__Task item__. Set down every record exactly as it appears.
========================================================================
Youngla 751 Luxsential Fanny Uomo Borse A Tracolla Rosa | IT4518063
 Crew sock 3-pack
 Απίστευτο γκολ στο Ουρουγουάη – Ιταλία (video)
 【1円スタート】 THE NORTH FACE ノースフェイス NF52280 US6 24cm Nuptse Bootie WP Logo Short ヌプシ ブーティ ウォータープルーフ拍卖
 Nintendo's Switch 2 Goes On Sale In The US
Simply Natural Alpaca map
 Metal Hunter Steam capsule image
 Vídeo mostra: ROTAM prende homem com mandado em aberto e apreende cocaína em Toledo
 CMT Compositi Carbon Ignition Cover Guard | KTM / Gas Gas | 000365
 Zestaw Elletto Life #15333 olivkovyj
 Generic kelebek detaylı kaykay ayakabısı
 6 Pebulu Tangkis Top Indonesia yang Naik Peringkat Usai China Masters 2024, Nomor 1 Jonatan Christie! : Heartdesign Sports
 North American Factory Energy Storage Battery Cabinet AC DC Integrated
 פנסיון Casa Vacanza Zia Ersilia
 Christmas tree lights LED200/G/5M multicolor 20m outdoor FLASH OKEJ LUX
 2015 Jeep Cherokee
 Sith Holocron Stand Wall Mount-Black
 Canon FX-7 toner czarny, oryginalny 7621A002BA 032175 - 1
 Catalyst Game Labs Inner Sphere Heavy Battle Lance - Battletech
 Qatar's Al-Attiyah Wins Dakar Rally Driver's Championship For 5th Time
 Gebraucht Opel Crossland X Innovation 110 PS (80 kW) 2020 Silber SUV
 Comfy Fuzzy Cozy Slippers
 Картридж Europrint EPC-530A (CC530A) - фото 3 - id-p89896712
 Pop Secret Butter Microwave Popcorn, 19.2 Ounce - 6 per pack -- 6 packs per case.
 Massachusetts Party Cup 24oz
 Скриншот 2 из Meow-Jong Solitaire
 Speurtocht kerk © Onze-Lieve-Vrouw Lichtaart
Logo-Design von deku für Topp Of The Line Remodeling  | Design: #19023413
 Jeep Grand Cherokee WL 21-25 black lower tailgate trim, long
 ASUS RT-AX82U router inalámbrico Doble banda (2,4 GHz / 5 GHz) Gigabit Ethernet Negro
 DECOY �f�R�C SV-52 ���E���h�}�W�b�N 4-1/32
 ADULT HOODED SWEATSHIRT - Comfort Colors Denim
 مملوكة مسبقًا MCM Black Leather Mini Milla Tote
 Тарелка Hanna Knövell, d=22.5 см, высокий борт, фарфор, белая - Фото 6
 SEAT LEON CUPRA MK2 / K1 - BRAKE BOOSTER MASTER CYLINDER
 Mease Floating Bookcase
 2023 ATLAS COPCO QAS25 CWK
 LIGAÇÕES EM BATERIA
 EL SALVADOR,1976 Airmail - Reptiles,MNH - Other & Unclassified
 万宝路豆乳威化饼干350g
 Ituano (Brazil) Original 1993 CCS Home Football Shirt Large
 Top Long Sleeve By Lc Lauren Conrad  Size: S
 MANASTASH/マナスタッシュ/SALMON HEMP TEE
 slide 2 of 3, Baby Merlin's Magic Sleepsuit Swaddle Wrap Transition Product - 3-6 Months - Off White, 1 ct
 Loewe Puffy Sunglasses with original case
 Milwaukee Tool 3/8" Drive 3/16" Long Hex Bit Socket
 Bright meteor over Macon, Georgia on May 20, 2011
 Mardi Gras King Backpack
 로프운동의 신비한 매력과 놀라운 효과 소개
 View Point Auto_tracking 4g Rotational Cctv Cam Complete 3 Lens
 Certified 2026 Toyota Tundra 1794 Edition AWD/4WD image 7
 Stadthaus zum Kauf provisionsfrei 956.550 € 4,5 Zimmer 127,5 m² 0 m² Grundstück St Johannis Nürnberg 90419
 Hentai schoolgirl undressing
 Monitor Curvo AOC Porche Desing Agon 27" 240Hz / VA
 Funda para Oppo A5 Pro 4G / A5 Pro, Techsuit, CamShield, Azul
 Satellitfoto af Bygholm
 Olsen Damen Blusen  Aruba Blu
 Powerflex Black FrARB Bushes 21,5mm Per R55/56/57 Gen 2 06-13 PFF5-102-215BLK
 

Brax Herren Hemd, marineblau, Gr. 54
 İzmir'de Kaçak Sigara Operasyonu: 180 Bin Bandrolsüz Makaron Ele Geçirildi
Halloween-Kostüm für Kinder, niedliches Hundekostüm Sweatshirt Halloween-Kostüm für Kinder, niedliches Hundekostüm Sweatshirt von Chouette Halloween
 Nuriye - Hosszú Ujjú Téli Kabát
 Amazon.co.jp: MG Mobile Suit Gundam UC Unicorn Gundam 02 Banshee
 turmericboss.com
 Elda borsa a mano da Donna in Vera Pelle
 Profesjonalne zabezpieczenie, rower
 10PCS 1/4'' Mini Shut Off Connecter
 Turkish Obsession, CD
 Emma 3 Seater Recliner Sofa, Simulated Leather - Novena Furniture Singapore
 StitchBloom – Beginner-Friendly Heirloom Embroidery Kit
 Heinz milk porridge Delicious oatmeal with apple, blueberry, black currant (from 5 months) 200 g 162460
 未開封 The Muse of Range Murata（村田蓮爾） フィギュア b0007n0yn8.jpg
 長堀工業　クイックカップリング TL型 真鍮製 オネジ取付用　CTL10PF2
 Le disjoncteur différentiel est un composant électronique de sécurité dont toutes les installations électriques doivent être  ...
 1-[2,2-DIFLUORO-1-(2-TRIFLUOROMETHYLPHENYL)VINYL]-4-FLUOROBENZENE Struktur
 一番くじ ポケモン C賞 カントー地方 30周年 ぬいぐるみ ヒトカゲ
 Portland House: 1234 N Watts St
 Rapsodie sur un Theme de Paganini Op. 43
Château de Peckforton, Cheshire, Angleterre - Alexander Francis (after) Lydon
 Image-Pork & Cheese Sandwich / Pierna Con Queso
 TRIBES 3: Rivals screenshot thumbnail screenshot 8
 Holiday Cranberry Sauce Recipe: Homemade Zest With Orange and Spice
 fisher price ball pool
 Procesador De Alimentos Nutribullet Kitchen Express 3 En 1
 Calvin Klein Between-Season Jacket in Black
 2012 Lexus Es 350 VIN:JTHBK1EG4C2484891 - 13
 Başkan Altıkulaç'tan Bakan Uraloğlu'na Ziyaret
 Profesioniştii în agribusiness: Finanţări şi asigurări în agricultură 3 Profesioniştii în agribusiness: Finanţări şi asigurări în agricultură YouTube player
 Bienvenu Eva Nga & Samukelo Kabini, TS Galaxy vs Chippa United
========================================================================
__Finished exercise__.
Youngla 751 Luxsential Fanny Uomo Borse A Tracolla Rosa | IT4518063
 Crew sock 3-pack
 Απίστευτο γκολ στο Ουρουγουάη – Ιταλία (video)
 【1円スタート】 THE NORTH FACE ノースフェイス NF52280 US6 24cm Nuptse Bootie WP Logo Short ヌプシ ブーティ ウォータープルーフ拍卖
 Nintendo's Switch 2 Goes On Sale In The US
Simply Natural Alpaca map
 Metal Hunter Steam capsule image
 Vídeo mostra: ROTAM prende homem com mandado em aberto e apreende cocaína em Toledo
 CMT Compositi Carbon Ignition Cover Guard | KTM / Gas Gas | 000365
 Zestaw Elletto Life #15333 olivkovyj
 Generic kelebek detaylı kaykay ayakabısı
 6 Pebulu Tangkis Top Indonesia yang Naik Peringkat Usai China Masters 2024, Nomor 1 Jonatan Christie! : Heartdesign Sports
 North American Factory Energy Storage Battery Cabinet AC DC Integrated
 פנסיון Casa Vacanza Zia Ersilia
 Christmas tree lights LED200/G/5M multicolor 20m outdoor FLASH OKEJ LUX
 2015 Jeep Cherokee
 Sith Holocron Stand Wall Mount-Black
 Canon FX-7 toner czarny, oryginalny 7621A002BA 032175 - 1
 Catalyst Game Labs Inner Sphere Heavy Battle Lance - Battletech
 Qatar's Al-Attiyah Wins Dakar Rally Driver's Championship For 5th Time
 Gebraucht Opel Crossland X Innovation 110 PS (80 kW) 2020 Silber SUV
 Comfy Fuzzy Cozy Slippers
 Картридж Europrint EPC-530A (CC530A) - фото 3 - id-p89896712
 Pop Secret Butter Microwave Popcorn, 19.2 Ounce - 6 per pack -- 6 packs per case.
 Massachusetts Party Cup 24oz
 Скриншот 2 из Meow-Jong Solitaire
 Speurtocht kerk © Onze-Lieve-Vrouw Lichtaart
Logo-Design von deku für Topp Of The Line Remodeling  | Design: #19023413
 Jeep Grand Cherokee WL 21-25 black lower tailgate trim, long
 ASUS RT-AX82U router inalámbrico Doble banda (2,4 GHz / 5 GHz) Gigabit Ethernet Negro
 DECOY �f�R�C SV-52 ���E���h�}�W�b�N 4-1/32
 ADULT HOODED SWEATSHIRT - Comfort Colors Denim
 مملوكة مسبقًا MCM Black Leather Mini Milla Tote
 Тарелка Hanna Knövell, d=22.5 см, высокий борт, фарфор, белая - Фото 6
 SEAT LEON CUPRA MK2 / K1 - BRAKE BOOSTER MASTER CYLINDER
 Mease Floating Bookcase
 2023 ATLAS COPCO QAS25 CWK
 LIGAÇÕES EM BATERIA
 EL SALVADOR,1976 Airmail - Reptiles,MNH - Other & Unclassified
 万宝路豆乳威化饼干350g
 Ituano (Brazil) Original 1993 CCS Home Football Shirt Large
 Top Long Sleeve By Lc Lauren Conrad  Size: S
 MANASTASH/マナスタッシュ/SALMON HEMP TEE
 slide 2 of 3, Baby Merlin's Magic Sleepsuit Swaddle Wrap Transition Product - 3-6 Months - Off White, 1 ct
 Loewe Puffy Sunglasses with original case
 Milwaukee Tool 3/8" Drive 3/16" Long Hex Bit Socket
 Bright meteor over Macon, Georgia on May 20, 2011
 Mardi Gras King Backpack
 로프운동의 신비한 매력과 놀라운 효과 소개
 View Point Auto_tracking 4g Rotational Cctv Cam Complete 3 Lens
 Certified 2026 Toyota Tundra 1794 Edition AWD/4WD image 7
 Stadthaus zum Kauf provisionsfrei 956.550 € 4,5 Zimmer 127,5 m² 0 m² Grundstück St Johannis Nürnberg 90419
 Hentai schoolgirl undressing
 Monitor Curvo AOC Porche Desing Agon 27" 240Hz / VA
 Funda para Oppo A5 Pro 4G / A5 Pro, Techsuit, CamShield, Azul
 Satellitfoto af Bygholm
 Olsen Damen Blusen  Aruba Blu
 Powerflex Black FrARB Bushes 21,5mm Per R55/56/57 Gen 2 06-13 PFF5-102-215BLK
 

Brax Herren Hemd, marineblau, Gr. 54
 İzmir'de Kaçak Sigara Operasyonu: 180 Bin Bandrolsüz Makaron Ele Geçirildi
Halloween-Kostüm für Kinder, niedliches Hundekostüm Sweatshirt Halloween-Kostüm für Kinder, niedliches Hundekostüm Sweatshirt von Chouette Halloween
 Nuriye - Hosszú Ujjú Téli Kabát
 Amazon.co.jp: MG Mobile Suit Gundam UC Unicorn Gundam 02 Banshee
 turmericboss.com
 Elda borsa a mano da Donna in Vera Pelle
 Profesjonalne zabezpieczenie, rower
 10PCS 1/4'' Mini Shut Off Connecter
 Turkish Obsession, CD
 Emma 3 Seater Recliner Sofa, Simulated Leather - Novena Furniture Singapore
 StitchBloom – Beginner-Friendly Heirloom Embroidery Kit
 Heinz milk porridge Delicious oatmeal with apple, blueberry, black currant (from 5 months) 200 g 162460
 未開封 The Muse of Range Murata（村田蓮爾） フィギュア b0007n0yn8.jpg
 長堀工業　クイックカップリング TL型 真鍮製 オネジ取付用　CTL10PF2
 Le disjoncteur différentiel est un composant électronique de sécurité dont toutes les installations électriques doivent être  ...
 1-[2,2-DIFLUORO-1-(2-TRIFLUOROMETHYLPHENYL)VINYL]-4-FLUOROBENZENE Struktur
 一番くじ ポケモン C賞 カントー地方 30周年 ぬいぐるみ ヒトカゲ
 Portland House: 1234 N Watts St
 Rapsodie sur un Theme de Paganini Op. 43
Château de Peckforton, Cheshire, Angleterre - Alexander Francis (after) Lydon
 Image-Pork & Cheese Sandwich / Pierna Con Queso
 TRIBES 3: Rivals screenshot thumbnail screenshot 8
 Holiday Cranberry Sauce Recipe: Homemade Zest With Orange and Spice
 fisher price ball pool
 Procesador De Alimentos Nutribullet Kitchen Express 3 En 1
 Calvin Klein Between-Season Jacket in Black
 2012 Lexus Es 350 VIN:JTHBK1EG4C2484891 - 13
 Başkan Altıkulaç'tan Bakan Uraloğlu'na Ziyaret
 Profesioniştii în agribusiness: Finanţări şi asigurări în agricultură 3 Profesioniştii în agribusiness: Finanţări şi asigurări în agricultură YouTube player
 Bienvenu Eva Nga & Samukelo Kabini, TS Galaxy vs Chippa United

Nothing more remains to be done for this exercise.